PLANNING officials are recommending approval for 36 flats beside Alexandra Park in Haghill despite a number of residents objecting.
The development by Home Group is proposed for the site of a former care home, Peter McEachran House, at Kennyhill Square, near Cumbernauld Road. It is due to be considered by councillors on Glasgow City Council’s planning applications committee on Tuesday.
The building would have six floors and contain 12 one-bed flats and 24 two-bed flats (of which four would be wheelchair adaptable).
Twenty-five objections have been received including one from Dennistoun Community Council along with a petition signed by 65 local residents. Concerns raised include:
— Damage to the historic nature of the neighbourhood;
— Lack of parking in the area and traffic problems
— The proposal being is out of keeping and scale with the surrounding properties.

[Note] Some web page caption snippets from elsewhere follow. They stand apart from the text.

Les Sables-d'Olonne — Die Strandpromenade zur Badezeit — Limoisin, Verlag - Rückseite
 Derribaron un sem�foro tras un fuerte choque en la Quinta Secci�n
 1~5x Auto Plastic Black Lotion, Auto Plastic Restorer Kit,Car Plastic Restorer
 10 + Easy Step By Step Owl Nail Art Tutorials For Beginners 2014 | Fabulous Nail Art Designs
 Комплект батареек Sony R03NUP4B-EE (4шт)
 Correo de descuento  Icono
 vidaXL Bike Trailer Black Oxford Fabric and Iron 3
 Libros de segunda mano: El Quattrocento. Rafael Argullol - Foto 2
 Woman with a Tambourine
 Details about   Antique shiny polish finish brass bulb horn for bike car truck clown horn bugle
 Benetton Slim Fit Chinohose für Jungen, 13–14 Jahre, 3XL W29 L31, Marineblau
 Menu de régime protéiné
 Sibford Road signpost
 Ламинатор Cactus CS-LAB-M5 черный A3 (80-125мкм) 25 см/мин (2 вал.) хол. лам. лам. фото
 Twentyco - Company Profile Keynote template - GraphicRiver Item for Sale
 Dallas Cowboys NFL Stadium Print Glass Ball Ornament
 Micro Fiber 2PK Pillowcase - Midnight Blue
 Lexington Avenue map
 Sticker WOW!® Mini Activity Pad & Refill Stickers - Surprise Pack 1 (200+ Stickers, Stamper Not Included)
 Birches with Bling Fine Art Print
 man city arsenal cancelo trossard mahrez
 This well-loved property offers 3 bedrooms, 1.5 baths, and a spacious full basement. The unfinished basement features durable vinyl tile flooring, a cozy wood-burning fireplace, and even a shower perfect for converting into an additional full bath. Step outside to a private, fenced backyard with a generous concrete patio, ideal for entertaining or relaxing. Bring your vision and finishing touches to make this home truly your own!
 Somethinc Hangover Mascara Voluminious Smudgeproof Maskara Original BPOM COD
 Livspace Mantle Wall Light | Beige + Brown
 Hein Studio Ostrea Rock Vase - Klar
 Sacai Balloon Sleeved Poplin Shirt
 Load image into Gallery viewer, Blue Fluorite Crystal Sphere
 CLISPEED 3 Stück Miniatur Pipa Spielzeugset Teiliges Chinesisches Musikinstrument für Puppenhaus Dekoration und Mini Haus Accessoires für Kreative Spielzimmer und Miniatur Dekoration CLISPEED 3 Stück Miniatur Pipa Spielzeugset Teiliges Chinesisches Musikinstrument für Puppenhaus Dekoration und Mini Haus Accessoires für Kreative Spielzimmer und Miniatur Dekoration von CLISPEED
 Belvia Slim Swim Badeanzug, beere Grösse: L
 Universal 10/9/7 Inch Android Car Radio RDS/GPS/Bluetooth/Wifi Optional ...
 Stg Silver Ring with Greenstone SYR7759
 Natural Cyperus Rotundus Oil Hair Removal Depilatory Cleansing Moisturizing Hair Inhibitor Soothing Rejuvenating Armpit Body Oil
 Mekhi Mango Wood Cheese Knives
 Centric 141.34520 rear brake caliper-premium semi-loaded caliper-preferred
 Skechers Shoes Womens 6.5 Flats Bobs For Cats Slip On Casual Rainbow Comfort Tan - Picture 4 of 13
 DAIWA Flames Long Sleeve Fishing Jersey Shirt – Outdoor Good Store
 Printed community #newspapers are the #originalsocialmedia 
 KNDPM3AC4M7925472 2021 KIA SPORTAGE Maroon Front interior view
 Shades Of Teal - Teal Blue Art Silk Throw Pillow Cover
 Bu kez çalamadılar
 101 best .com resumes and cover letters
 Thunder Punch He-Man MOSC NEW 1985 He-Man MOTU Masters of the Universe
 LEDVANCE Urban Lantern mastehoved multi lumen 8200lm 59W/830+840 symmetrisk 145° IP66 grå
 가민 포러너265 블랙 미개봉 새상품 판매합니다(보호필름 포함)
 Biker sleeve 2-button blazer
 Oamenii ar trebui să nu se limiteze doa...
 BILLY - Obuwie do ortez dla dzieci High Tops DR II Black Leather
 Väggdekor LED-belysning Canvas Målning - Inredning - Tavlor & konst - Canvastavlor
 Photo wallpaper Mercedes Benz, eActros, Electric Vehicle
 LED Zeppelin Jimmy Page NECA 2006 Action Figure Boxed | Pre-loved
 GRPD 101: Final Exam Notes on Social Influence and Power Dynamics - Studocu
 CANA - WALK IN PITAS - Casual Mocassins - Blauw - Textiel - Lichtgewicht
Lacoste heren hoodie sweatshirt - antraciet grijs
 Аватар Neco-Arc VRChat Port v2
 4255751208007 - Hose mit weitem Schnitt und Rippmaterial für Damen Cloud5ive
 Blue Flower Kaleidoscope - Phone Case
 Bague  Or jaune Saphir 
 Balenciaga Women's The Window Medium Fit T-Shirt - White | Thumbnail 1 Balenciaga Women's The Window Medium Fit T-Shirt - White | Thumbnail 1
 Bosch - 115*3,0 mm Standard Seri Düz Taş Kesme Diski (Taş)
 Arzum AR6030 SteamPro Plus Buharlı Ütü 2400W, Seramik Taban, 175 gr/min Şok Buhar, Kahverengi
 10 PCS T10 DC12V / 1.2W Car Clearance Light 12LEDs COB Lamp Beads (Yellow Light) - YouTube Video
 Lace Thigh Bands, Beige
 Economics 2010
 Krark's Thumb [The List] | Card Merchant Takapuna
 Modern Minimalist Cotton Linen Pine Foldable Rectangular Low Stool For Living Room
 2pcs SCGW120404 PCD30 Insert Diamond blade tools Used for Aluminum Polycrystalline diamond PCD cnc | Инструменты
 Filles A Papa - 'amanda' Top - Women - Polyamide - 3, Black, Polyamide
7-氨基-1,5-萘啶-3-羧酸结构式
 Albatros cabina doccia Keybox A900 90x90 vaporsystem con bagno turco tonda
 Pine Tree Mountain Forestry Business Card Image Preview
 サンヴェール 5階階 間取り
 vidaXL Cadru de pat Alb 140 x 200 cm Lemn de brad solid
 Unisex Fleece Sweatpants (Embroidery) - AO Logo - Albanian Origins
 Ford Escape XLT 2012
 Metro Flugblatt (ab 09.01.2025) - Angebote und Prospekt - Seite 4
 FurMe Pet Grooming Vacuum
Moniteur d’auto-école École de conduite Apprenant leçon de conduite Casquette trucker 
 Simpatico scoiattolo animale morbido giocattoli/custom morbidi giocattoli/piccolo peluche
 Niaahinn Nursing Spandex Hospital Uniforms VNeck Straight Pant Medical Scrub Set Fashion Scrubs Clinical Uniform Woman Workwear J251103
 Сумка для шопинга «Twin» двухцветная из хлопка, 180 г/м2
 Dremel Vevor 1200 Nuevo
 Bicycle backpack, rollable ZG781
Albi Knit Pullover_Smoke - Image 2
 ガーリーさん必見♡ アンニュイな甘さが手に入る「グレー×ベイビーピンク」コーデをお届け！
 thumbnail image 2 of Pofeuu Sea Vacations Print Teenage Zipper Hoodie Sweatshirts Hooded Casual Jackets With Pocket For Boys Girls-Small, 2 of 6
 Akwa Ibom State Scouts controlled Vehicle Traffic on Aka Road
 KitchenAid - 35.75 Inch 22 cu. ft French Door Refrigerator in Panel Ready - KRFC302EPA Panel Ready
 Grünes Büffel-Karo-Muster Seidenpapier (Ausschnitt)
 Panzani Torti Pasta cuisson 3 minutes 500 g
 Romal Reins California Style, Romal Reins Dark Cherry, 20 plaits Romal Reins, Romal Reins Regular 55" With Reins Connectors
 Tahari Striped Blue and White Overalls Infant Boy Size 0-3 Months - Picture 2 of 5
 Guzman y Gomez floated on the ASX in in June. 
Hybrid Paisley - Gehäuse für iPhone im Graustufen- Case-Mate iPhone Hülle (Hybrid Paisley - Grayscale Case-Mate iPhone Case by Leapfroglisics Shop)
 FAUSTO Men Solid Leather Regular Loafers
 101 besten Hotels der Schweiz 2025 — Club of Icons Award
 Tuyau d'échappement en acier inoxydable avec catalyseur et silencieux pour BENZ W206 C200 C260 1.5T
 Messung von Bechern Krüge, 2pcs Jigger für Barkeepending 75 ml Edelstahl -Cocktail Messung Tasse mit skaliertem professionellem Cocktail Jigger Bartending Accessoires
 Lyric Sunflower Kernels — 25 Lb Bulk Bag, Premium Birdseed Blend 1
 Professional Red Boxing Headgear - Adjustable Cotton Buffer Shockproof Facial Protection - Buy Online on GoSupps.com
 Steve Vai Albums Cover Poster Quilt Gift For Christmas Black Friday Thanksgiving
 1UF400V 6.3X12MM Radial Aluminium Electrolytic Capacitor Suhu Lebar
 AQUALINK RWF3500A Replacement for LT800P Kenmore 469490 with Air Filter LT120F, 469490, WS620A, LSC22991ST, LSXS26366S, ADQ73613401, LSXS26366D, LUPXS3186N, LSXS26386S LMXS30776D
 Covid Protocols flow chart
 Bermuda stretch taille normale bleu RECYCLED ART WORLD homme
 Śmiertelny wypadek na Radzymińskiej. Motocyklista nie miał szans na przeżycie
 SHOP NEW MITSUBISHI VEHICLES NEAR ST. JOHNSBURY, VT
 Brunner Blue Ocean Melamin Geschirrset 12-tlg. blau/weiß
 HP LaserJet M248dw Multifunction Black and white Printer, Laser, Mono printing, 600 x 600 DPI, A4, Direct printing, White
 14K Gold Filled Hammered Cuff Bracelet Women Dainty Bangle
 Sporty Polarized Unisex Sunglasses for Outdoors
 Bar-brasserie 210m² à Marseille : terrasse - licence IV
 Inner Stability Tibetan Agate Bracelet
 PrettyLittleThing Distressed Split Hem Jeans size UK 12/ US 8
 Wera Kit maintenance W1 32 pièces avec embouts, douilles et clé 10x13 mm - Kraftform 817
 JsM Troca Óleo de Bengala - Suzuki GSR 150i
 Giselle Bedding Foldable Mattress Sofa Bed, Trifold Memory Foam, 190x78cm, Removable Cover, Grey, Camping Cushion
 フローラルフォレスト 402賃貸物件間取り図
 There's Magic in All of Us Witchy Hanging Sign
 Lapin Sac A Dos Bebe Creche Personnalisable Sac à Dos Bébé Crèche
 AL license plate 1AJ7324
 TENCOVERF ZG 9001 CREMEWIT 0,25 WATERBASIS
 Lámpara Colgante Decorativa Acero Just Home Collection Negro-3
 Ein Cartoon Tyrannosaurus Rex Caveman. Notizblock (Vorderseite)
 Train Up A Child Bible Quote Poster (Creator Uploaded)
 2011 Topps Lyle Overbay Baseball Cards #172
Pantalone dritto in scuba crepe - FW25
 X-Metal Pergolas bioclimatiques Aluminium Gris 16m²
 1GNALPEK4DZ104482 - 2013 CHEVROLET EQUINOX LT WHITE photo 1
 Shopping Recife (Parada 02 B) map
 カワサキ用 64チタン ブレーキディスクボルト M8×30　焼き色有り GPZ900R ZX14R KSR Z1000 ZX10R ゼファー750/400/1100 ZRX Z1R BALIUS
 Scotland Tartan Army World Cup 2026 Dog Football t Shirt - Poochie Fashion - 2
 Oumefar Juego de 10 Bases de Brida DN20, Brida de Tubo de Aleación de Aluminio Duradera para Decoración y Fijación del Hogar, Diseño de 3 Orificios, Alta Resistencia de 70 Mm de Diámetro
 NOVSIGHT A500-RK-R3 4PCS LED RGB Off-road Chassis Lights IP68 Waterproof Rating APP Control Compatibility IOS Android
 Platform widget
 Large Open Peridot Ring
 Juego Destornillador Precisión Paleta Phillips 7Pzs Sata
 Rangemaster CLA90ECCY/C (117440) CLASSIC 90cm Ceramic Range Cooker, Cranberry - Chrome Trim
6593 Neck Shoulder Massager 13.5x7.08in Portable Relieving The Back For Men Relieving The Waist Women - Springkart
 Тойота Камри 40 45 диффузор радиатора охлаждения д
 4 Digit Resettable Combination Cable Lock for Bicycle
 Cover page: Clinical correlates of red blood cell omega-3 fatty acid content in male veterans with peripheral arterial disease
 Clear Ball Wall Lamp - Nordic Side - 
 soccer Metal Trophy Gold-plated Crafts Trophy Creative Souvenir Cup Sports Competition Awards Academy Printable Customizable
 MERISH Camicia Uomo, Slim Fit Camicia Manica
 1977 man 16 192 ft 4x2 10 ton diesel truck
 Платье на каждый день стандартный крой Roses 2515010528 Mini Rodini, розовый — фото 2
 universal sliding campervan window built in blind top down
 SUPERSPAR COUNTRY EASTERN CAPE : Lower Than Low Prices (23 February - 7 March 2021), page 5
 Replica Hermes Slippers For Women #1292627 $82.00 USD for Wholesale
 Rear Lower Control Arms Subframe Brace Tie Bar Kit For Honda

There have been some changes from the original application including reduction in parking provision from 36 spaces to 16 spaces to allow introduction of a landscaped buffer between the development and Alexandra Park. Balconies are now also proposed.
A planning department report states: “The scale of the proposals has been designed to directly tie into the well-established ridge heights throughout the Cumbernauld Road, Kennyhill Square and wider Haghill area.
“While the form is undoubtedly modern, strong design cues have also been taken to reflect the architectural characteristics of the neighbouring Victorian tenements.
“The proposals have been carefully designed to complete the urban block by respecting the building line established within Kennyhill Square, and by closely mirroring the building line at Easter Craigs on the opposite side of the square.”
The low level of car parking “is mitigated by the area’s high accessibility rating which indicates a high standard of public transport service that facilitates use without a timetable, with minimum waiting times”.
Officials said that providing more parking spaces would see a decrease in the proposed 6.3 metre landscaped buffer between the site and the boundary of Alexandra Park.
They conclude: “It is therefore considered acceptable in this case, subject to conditions requiring the 16 spaces to be allocated and residents without an allocated space to be supplied with a residential travel pack, to allow for a reduction in parking standards at the site.
“Given that the applicant is a social landlord, parking can be controlled. Only a number of units will have a dedicated parking space, the rest will be advertised as car-free by the applicant.
“In addition to this, the applicant has detailed provision for safe and secure cycle storage at the rear of the development providing for 46 cycles (one for each resident in addition to one for every four units for visitors).”
This computer-generated image shows the original design which did not have balconies, had more parking and no landscape buffer to the park.